Even before the play begins, a stage empty except for an ornate ormolu-decorated wardrobe and dressing table opposite a bentwood hat stand suggests the opposites of masculine and feminine and hint at the possibility of cross-dressing. There is touch of decadent glamour, but when curly-haired Bonnie Adair enters in well-worn jeans it is another contrast.

While Anne Zander’s Laurence hovers with a touch of menace in the shadows she tells how the two of them were friends right through their schooldays, bonding long before they realised that both were lesbian. Some years later when they had not been closely in touch, Laurie turns up announcing that she is now Lawrence and set on gender reassignment and asking for her old friend’s support.

She doesn’t find it easy to give support. She is happy with her own sexuality. She may put on the Femme drag for weddings parties and hot dates—glamming up with high heels, sexy clothes and makeup makes her a differently empowered person (though it can bring dangers in attracting unwanted men)—but changing gender? That is something difficult to accept and, when Laurence comes on to her in his masculine persona, that is hard to handle.

Power’s play does not dig deep into the transgender situation but rather explores reaction to it and does so using text from Shakespeare’s Richard III. This eccentric but intriguing approach is sparked of by the involvement of them both as schoolgirls in a final year production of the play in which Laurie set her heart on playing Richard.
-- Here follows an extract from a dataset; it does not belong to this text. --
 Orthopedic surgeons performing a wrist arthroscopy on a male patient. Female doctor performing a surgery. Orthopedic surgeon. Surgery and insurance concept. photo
She didn’t get it, but instead was cast as his mother, the Duchess of York, while her friend played Lady Anne.

Richard’s “How is the winter….” becomes Laurie/Laurence’s reflection his own sense of deformity, the Duchess of York’s vehement condemnation of her son his own mother’s rejection and the Lady Anne wooing scene is used to present Laurence pressing his attentions on La Femme.

The Shakespeare passages don’t always work as a direct analogy. Apparently Richard of Gloucester, having killed Anne’s husband, is intended as a metaphor for the way in which Laurence has metaphorically killed-off Laurie as her female friend, but what of Richard’s dedication of himself to being evil? He voices it as his decision, not as being what others call him.
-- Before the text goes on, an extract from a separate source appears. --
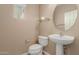 Powder room features a pedestal sink and modern fixtures at 21136 N 36Th Pl, Phoenix, AZ 85050
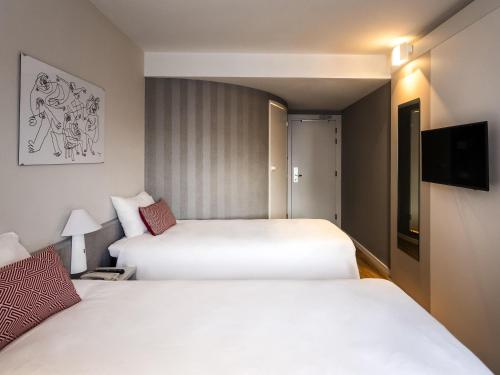 Ein Bett oder Betten in einem Zimmer der Unterkunft Ibis Valencia Alfafar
Picking up on the Elizabethan use of “weapon” as synonymous with “cock” in some contexts gives a new reading to lines to Lady Anne with the displaying of a plastic penis and, even more bizarrely later, in its presentation to one of the soon-to-be-murdered little princes who requests it. As a running gag to send up Elizabethan punning, it is worth a laugh and perhaps some other dildo flaunting is meant to be funny too.

The play's promotion calls it a “black comedy”, but there is little sign of humour in otherwise excellent playing. Unavoidable late changes of cast meaning that they had only three days rehearsal may account. All the more reason that Zander and Adair are to be congratulated on delivering such strong performances.

Part of the credit for them must lie with Roz Hopkinson as director. (She worked with a different cast when Drag King Richard was seen at Bristol’s Shakespeare Festival.) Her invention, which includes introducing a tango into the wooing scene and an intimidating confrontation into the audience later, gives the work a heightened sense of theatre that disguises the play’s flaws and holds the audience’s attention, bringing notice to a subject that needs to gain much wider understanding.